My major point, in all this, is not that you can ignore inequities. Rather I think the best route is through targeted engagement and improvements. Instead of trying to untangle historical accounts and try to weigh historical events we care about, and which we don’t, it is easier and makes for better policy to just target people (or even nations) that need help from those who can help. Of course, even this kind of liberal internationalism is under fire these days.

Targeted improvements also erase the nonsensical possibilities that you have wealth transfers going from the poor to the rich, or ambiguity about what to do in the case that an individual has mixed heritage between people perpetrating and suffering an injustice. I also think there is an ethical benefit here, in that we focus again on the things that are important – helping out the needy, being deferential to our fellow person – and not on something that is distorting (money as the healer of all wounds).

I think Chris M is right here – the logical end of the argument put forward by pro-reparations researchers like Dr. Richard F. America is that potentially the vast majority of an individual’s earnings are considered forfeit, because that money gets reinvested into education and the like. This is certainly a very strong, hard-core interpretation of the argument, though.

Now, in the case where something tangible is stolen and we can clearly trace that path – be it paintings (like the bunch of paintings found just recently in Germany) or a bank account – then those obviously need to be returned to the rightful owners.

45

ZM 11.11.13 at 5:45 pm

@Ed Herdman

I think you are right regarding not having a sole focus on money and objects of consumer desire.

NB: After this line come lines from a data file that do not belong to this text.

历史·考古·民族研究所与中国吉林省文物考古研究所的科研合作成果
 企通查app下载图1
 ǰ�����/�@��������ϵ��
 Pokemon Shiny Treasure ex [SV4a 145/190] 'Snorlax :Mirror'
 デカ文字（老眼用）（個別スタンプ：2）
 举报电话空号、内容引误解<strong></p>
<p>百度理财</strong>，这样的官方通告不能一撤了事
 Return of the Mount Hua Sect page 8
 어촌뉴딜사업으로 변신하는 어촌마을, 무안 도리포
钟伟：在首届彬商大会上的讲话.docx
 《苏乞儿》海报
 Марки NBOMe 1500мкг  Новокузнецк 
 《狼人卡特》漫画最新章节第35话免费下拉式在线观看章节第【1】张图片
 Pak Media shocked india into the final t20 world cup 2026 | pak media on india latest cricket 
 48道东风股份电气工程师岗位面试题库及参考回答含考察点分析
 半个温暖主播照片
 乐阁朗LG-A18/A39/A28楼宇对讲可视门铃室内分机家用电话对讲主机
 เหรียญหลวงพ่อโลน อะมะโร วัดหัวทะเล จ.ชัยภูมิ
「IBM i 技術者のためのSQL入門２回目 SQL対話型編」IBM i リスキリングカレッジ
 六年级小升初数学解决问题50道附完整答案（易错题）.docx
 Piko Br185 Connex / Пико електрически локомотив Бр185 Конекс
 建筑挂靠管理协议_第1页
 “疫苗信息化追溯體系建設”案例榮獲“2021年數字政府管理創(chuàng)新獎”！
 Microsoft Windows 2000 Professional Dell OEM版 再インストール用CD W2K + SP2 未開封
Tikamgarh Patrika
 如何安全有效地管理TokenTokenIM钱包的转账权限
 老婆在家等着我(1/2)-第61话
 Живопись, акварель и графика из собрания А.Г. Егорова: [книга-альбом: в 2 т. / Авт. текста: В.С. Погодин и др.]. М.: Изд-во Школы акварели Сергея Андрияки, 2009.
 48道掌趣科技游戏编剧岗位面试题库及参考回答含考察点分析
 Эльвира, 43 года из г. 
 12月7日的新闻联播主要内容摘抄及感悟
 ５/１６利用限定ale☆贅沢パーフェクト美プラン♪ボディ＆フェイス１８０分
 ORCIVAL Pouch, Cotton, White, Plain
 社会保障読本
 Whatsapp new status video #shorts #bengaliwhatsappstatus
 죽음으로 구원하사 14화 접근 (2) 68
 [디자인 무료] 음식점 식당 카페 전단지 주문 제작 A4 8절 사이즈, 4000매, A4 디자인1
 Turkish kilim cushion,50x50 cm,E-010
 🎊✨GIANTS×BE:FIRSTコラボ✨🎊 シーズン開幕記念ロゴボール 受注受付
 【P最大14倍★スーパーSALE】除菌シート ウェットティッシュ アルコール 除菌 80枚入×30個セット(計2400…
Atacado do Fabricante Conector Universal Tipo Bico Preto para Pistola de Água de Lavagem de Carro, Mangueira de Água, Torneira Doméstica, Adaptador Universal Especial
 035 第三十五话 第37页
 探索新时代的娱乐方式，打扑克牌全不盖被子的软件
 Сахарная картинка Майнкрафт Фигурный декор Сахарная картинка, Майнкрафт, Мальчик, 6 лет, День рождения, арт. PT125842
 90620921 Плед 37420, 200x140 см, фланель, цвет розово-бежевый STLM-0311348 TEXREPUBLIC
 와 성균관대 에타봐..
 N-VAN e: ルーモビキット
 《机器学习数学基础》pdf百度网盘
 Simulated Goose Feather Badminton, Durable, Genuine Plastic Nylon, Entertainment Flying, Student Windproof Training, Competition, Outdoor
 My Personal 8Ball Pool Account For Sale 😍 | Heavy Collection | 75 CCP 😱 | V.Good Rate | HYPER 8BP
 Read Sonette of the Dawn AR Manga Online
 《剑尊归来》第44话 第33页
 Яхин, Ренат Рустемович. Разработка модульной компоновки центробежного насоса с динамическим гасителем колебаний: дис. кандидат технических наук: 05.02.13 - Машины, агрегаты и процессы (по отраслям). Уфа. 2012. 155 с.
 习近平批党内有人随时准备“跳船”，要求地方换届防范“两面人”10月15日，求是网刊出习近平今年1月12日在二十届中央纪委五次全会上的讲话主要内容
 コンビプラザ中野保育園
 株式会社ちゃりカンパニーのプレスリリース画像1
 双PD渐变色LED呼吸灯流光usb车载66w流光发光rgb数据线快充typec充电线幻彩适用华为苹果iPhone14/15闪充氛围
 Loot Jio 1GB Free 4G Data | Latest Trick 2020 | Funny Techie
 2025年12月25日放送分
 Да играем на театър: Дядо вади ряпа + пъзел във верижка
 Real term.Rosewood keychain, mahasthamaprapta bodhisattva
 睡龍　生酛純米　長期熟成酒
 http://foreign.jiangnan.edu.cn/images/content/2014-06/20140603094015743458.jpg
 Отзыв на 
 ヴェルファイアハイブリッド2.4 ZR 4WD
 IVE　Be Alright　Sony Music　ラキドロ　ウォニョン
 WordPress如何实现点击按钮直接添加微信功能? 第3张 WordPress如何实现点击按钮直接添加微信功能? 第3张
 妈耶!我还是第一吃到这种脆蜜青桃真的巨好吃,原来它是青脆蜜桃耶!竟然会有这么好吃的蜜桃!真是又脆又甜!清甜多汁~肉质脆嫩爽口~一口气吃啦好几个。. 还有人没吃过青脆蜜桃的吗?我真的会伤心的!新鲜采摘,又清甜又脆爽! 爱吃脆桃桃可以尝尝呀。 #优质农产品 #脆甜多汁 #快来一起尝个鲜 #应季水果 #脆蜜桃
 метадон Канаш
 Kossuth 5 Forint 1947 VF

I think though that if knowledge and education happen to be the *sole* proceeds of the crime down the track, which I do think would be rare, the person who has accrued the benefits can quite easily spend all their time sharing their knowledge by teaching the children of those to whom the disbenefits accrued, teaching adult education, publishing open access articles and so forth. Education is one of the oldest things to be shared.

46

dax 11.15.13 at 12:59 pm

“It is curious to me how our common-sense feelings (which inform that American, and universal, value of separating “the sins of the fathers” from the children) inform very different feelings on the appropriateness of reparations when we move across time or generations. ”

Not to mention when we move away from one’s own country. Bad Nazis, bad Germans!